Choreography by Alvin Erasga Tolentino. Media Artists: Peter Courtemanche, Ken Gregory, and Carol Sawyer. Dancers: Billy Marchenski, Molly McDermott, Jane Osborne, Bevin Poole, and Alvin Erasga Tolentino.

The Shadow Machine is an inter-disciplinary performance that incorporates dance, audio, video, photography and inter-active technologies. It is inspired by the shifting histories of Vancouver's industrial development in the early 20th century and juxtaposes those ideas on to the post industrial here and now. Part analysis, part celebration and part social cultural comment, the Shadow Machine seeks to engage audiences with a unique interpretation of Vancouver's diverse and often hidden history.

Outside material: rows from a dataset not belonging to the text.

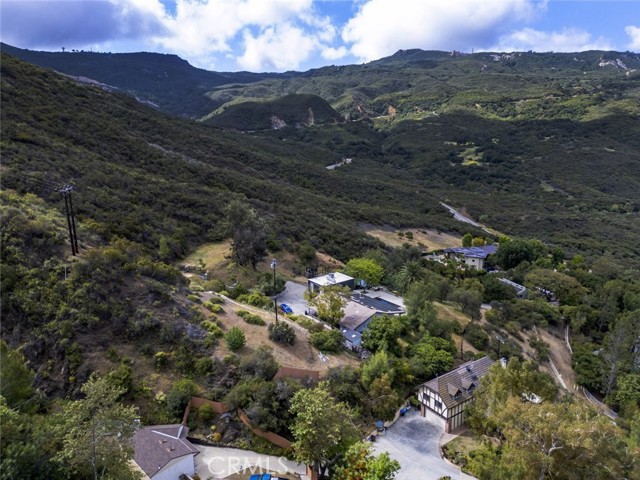 Detail Gallery Image 9 of 75 For 24300 Sylvan Glen Rd, Calabasas,  CA 91302 - 5 Beds | 3 Baths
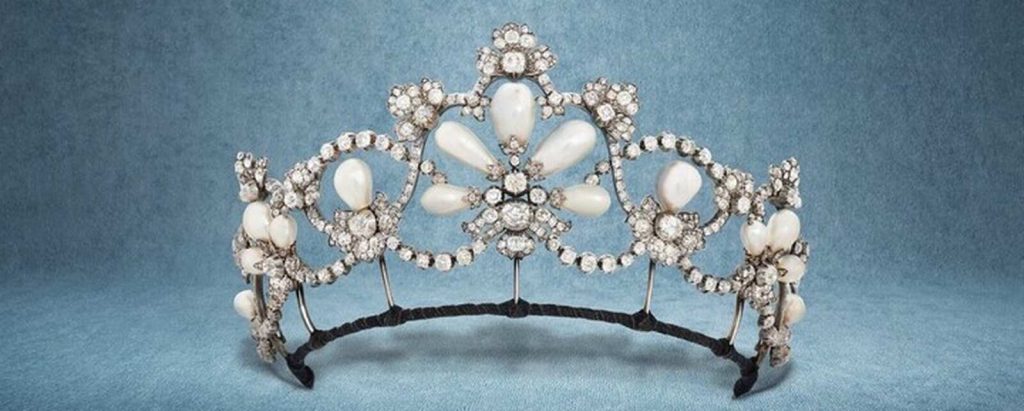 Corona de perlas y diamantes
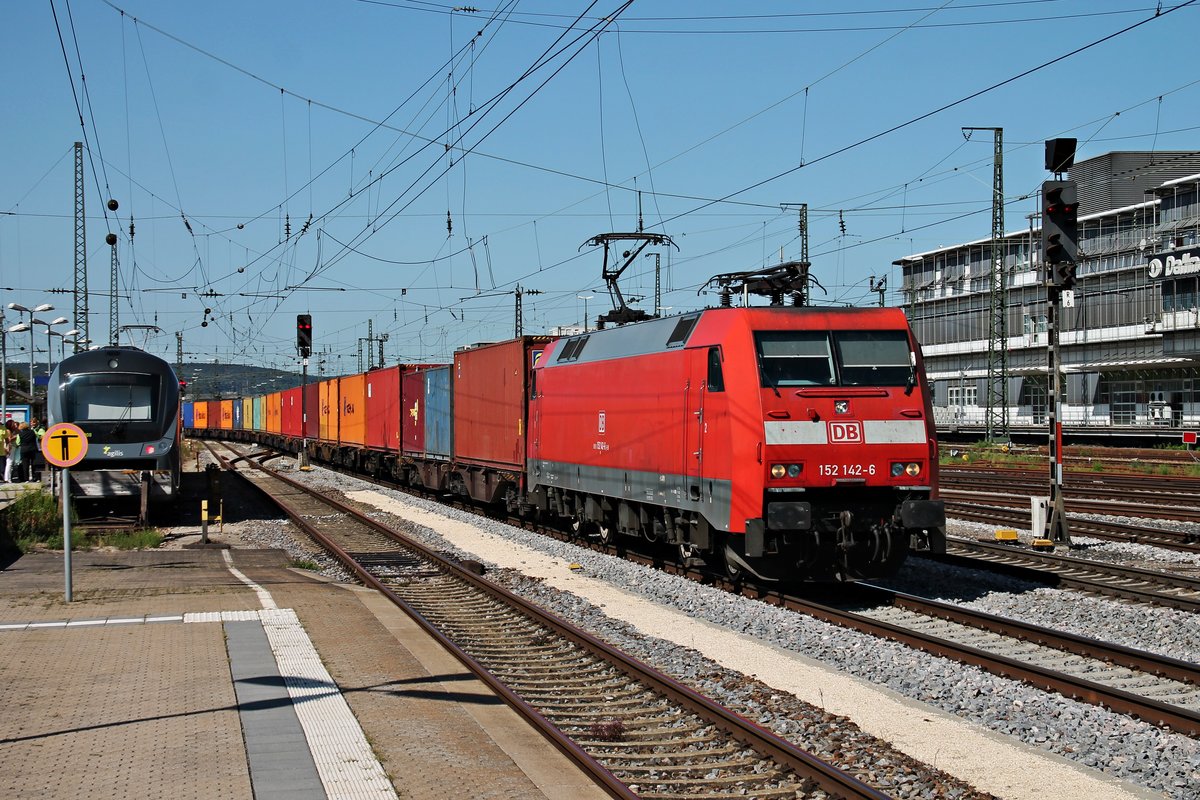 Mit einem Containerzug fuhr am 26.08.2015 die 152 142-6 über Gleis 7 durch Regensburg Hbf in Richtung Süden.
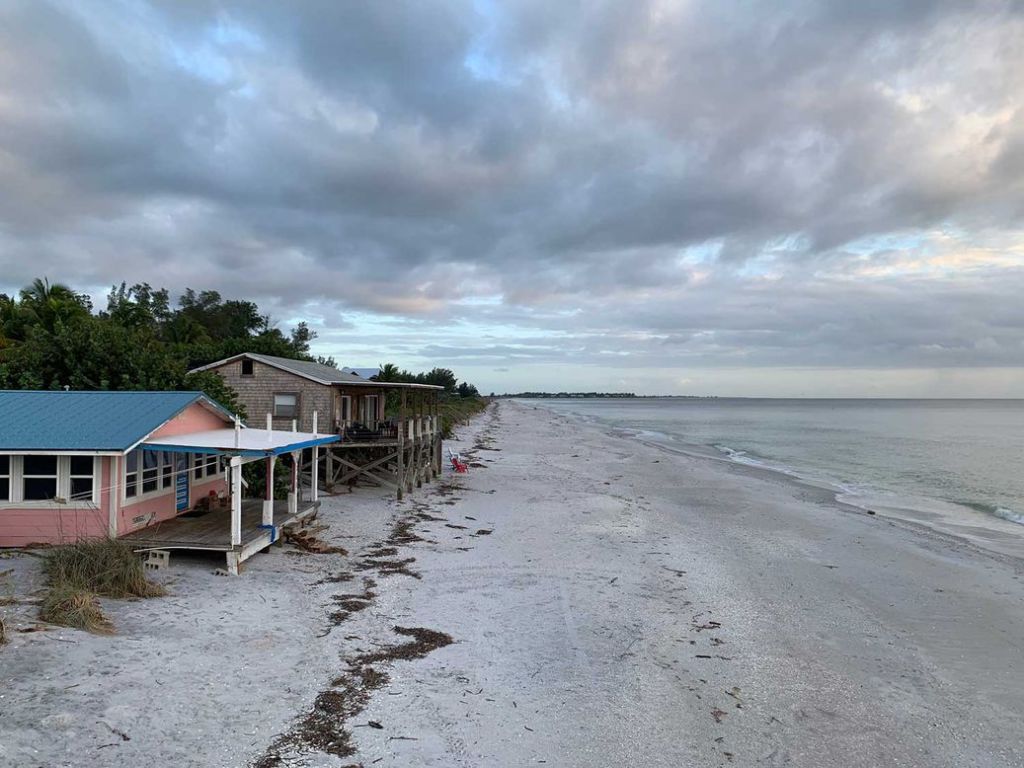 Deserted beach on Little Gasparilla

Born in the 1870s, Vancouver has undergone rapid growth and huge economic shifts. The shipyards, lumber mills, fish canneries and other industries that once dominated the city's ragtag shoreline are all but gone. The big wood shed industrial structures that once housed the majority of people's jobs, the log booms and sawdust burners, have been replaced with cement and glass condos and office towers. The things people do for a living now are for the most part radically different then the jobs that employed Vancouver's citizens one hundred, or even fifty years ago, and the way we walk and move our bodies is different as a result. The sounds of the city are different: the cacophony of machine shops, shift whistles, and ship horns have quieted, replaced by the roar of traffic and the soft clacking of keyboards.

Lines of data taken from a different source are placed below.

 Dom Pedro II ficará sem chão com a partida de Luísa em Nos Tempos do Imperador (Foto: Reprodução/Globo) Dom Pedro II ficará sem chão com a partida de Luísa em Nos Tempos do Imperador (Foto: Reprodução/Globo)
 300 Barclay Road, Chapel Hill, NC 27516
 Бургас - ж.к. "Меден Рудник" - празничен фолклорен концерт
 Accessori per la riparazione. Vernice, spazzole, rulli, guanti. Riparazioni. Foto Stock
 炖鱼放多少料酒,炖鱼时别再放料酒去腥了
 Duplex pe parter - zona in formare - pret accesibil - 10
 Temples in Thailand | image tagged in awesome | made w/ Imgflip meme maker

With an eye to this evolving industrial history, Shadow Machine looks at the parallels between utopian dreams from the early 1900s and similar predictions about the benefits of Information Technologies that are espoused today. At the beginning of the 20th Century, when Vancouver was first stirring, access to cheap hydro electric power enabled the rapid development of new industries and the promotion of many utopian dreams. Electricity promised to make labour easier and safer; people would have more leisure time; and the emergence of global communications would bring an end to war. By drawing from a rich local history, Shadow Machine reflects and criticizes the utopian view of technological progress while at the same time seeing the potential for some dreams to come true.



The original version of Shadow Machine was made for Industrial Ear: a festival of sound art. Produced by the Western Front Society, September 2000.